Deleteing a Kontakt 6 Instance in Cubase 10

I’m sure there’s a way to delete unneeded Kontakt instances in Cubase but I can’t find it! I seem to recall going to click on the Rack icon (I use only Rack Instruments) and clicking on “No VST Instrument” but currently that does NOTHING. Delete Track doesn’t do it either.

This will not help you Shubus but I have the same problem.
Steinberg staff, is this a bug in the software?

I don’t have Kontakt 6 (only 5) so I can’t test this. Do you have this problem with any other VST instrument plugins?

Also when troubleshooting, always check if you can repro in Cubase Safe Start mode (google it if need be) to eliminate corrupt prefs as the culprit.
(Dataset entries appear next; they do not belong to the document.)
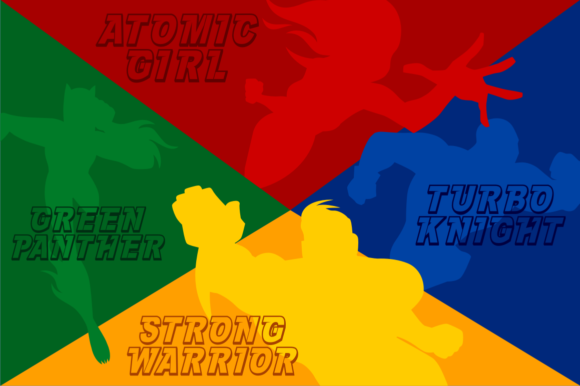 Cartoon Heroes Font - Preview 2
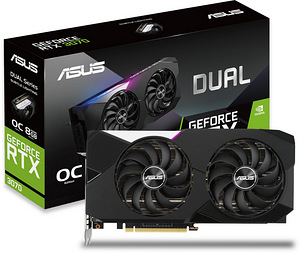 Asus GeForce RTX 3070 Dual OC Edition 8GB (1 foto / 1)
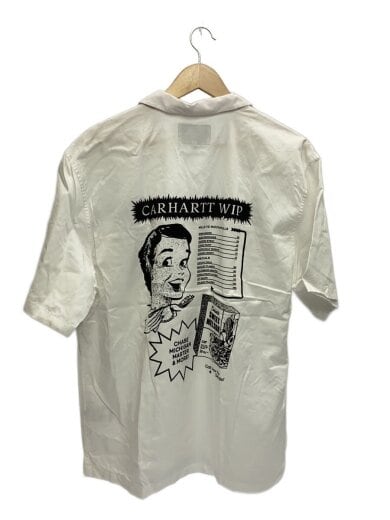 商品画像：半袖シャツ/M/コットン/WHT// 2
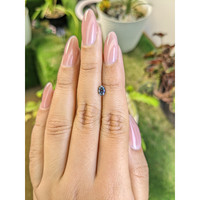 0.50 Ct. Alexandrite from Ceylon (Sri Lanka) Life Style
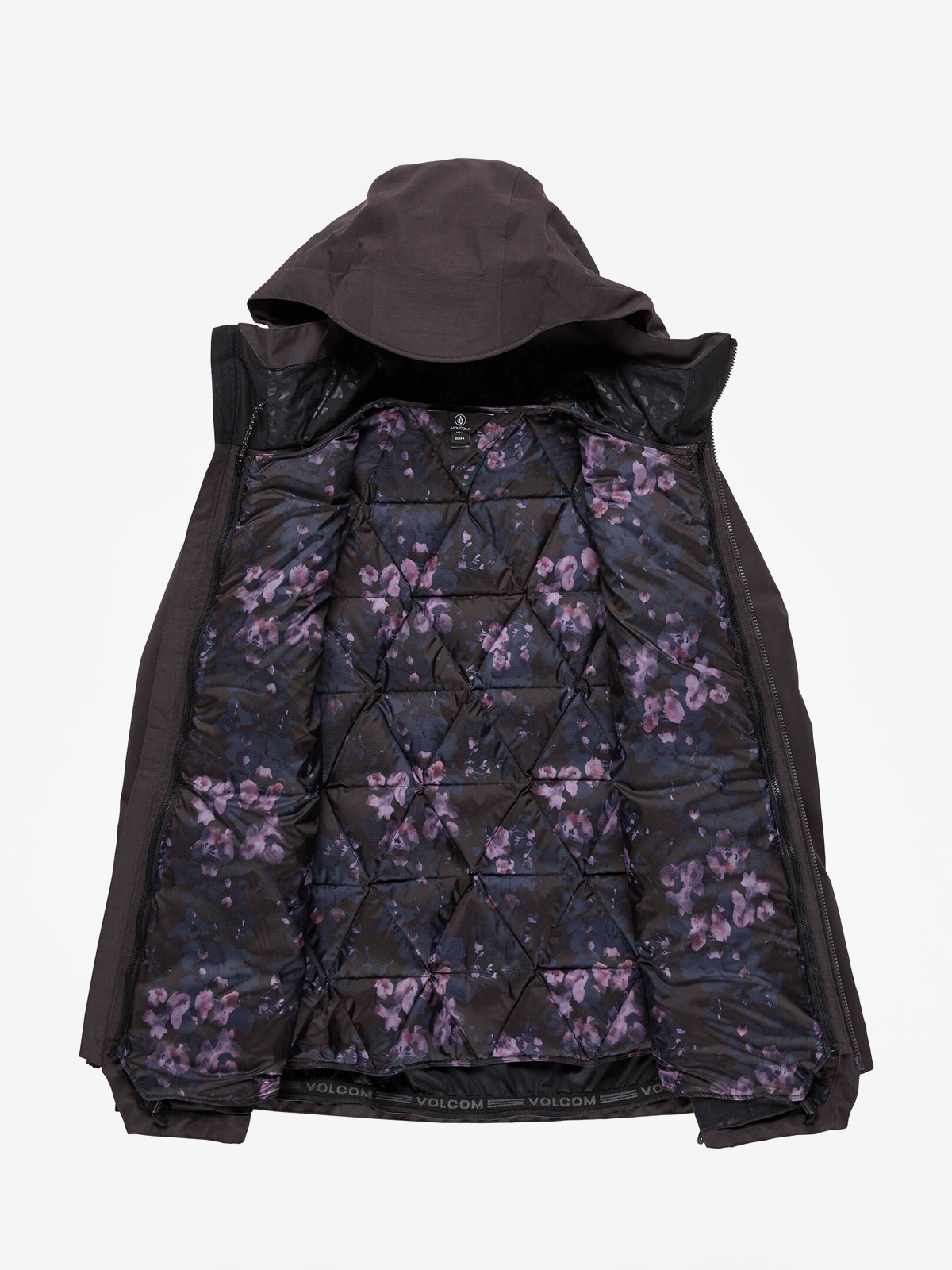 Womens Volcom Iris 3 In 1 Gore Snowboard jacket (vbk)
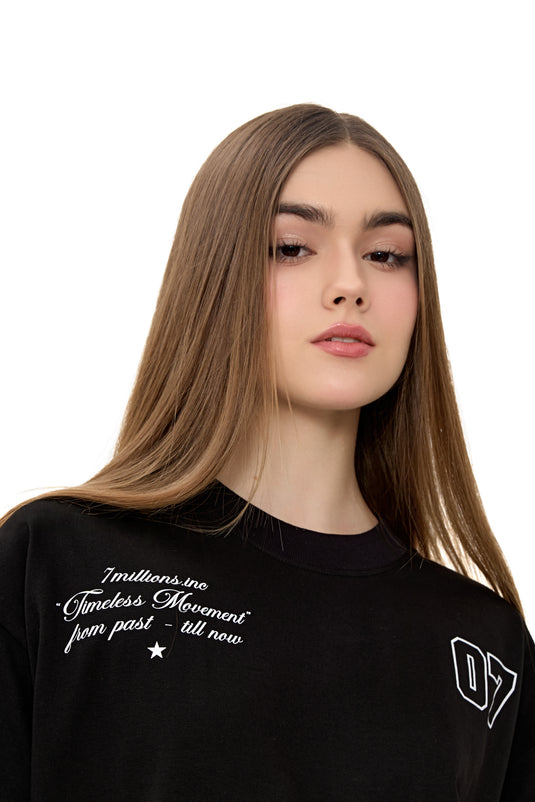 Translation missing: en.7M - Timeless Tee (Onyx)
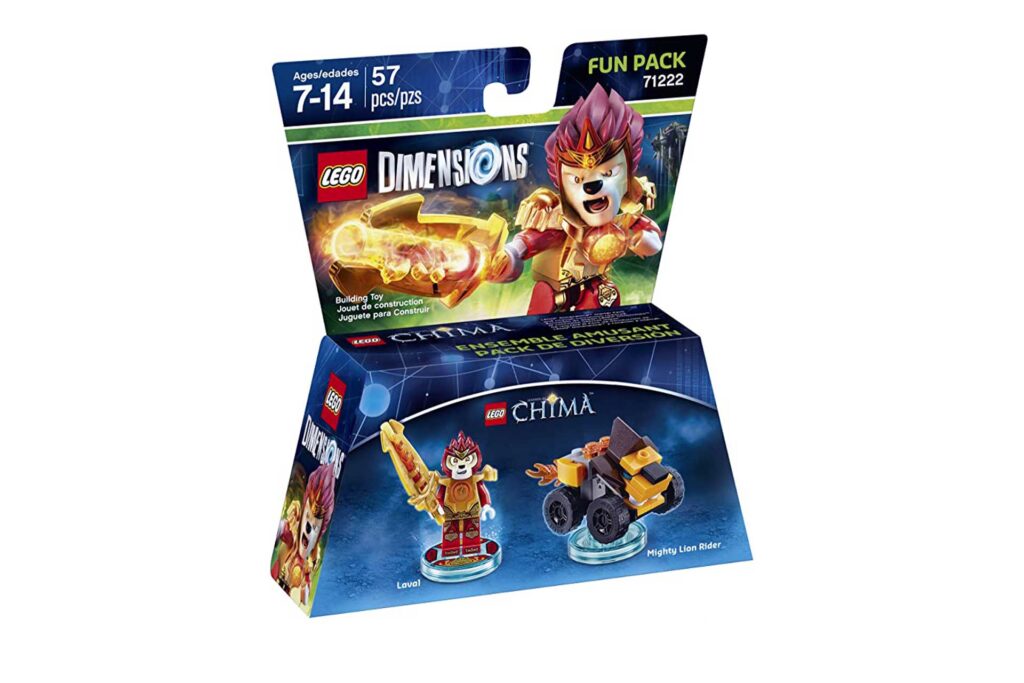 LEGO 71222 Dimensions Laval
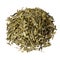 Sencha based tea mix isolated. High resolution photo.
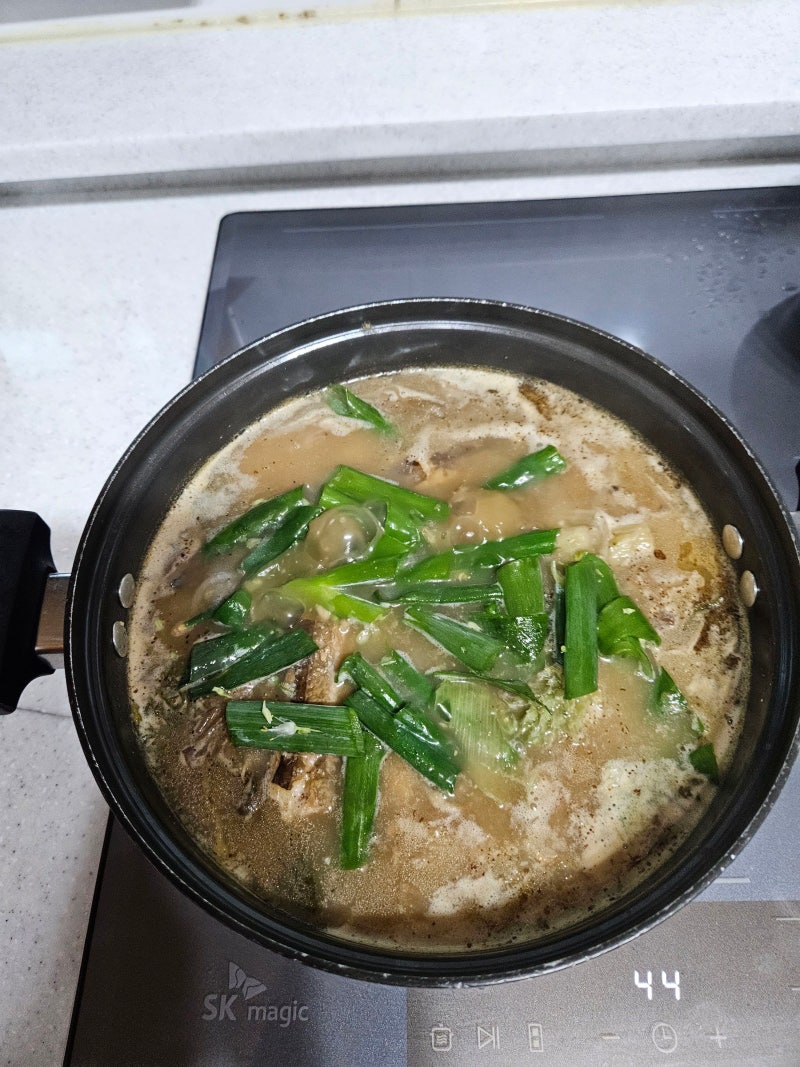 바다 장어탕 만들기 바닷장어 레시피 바닷장어 효능부작용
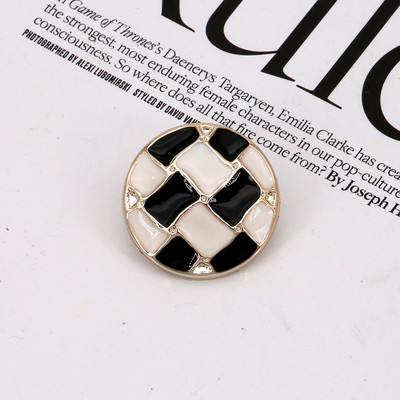 18/21/25 мм Модни кръгли перлени копчета Ризи Пластмасови копчета Дамски ризи Декоративни катарами Аксесоари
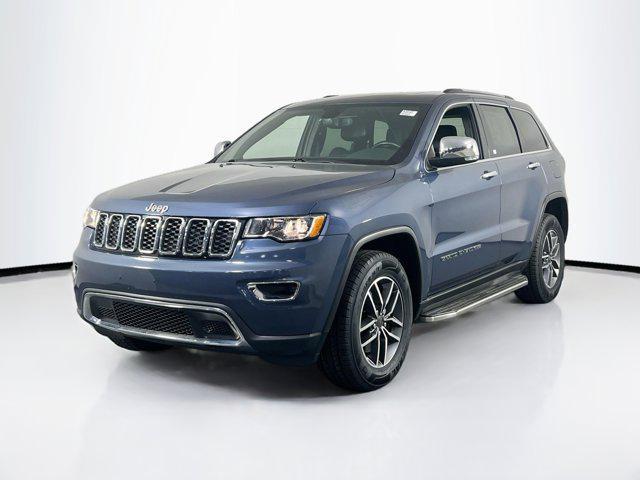 used 2021 Jeep Grand Cherokee car, priced at $26,147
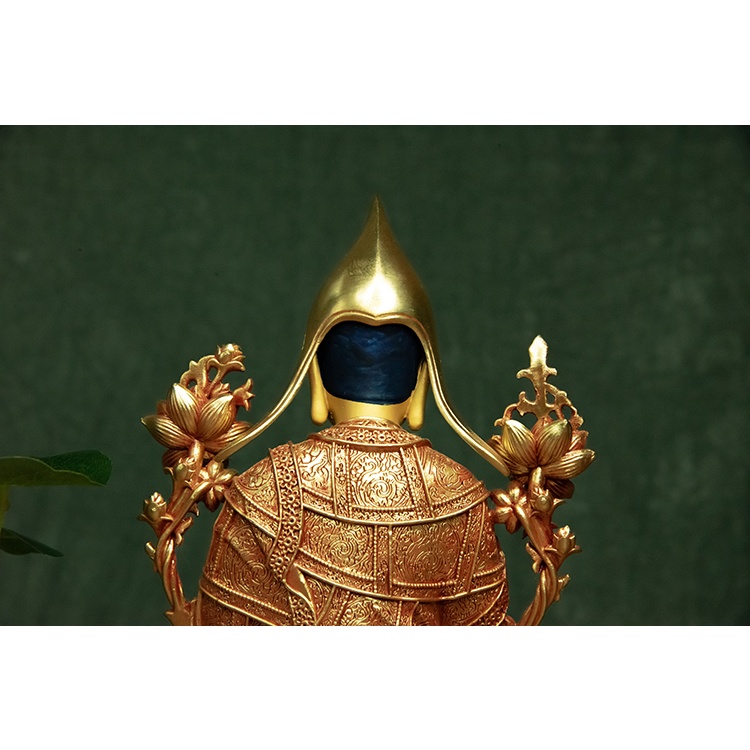 Tôn tượng Tsongkhapa - Pháp khí Mật tông - Phật giáo Tây Tạng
It’s not just Kontakt, it’s any VSTi … clicking the “Rack” drop-down only allows loading of VSTis, selecting “No VST Instrument” does nothing, and this somewhat inconsistent behaviour has been in Cubase for a while now. Instead, click on the name of the VSTi to the right of the freeze button – the same drop-down list appears, but now you can select “No VST Instrument” and the instance will unload.

Oh. So the problem is a list item that has no function- and probably shouldn’t (No VST where? Selected slot, all slots). I’l report it, but I imagine it’s a known thing.

… mmm … perhaps a list item that has no function in one context. Confusing, nevertheless, and, as loading and unloading VSTi’s is a core function, perhaps it could be more clearly implemented. I haven’t been able to find anything in the manual that would tell a new user how to remove a VSTi.

MrSoundman, I don’t know how you ever figured this out, but IT WORKS. VST instruments can indeed be deleted by this method. This does leave a “place holder” for the deleted instance in the rack instrument list, but it’s gone from the track list. This is easy to live with. I greatly appreciate your responding to my post. There seems to be no information about this problem anywhere.

The item has no meaning and no purpose and it should be removed.

In places where the item works it’s self-explanatory, thus ‘inuitive’, but seeing the same item where it doesn’t work simply confounds the user. Like a stoplight on a ski slope.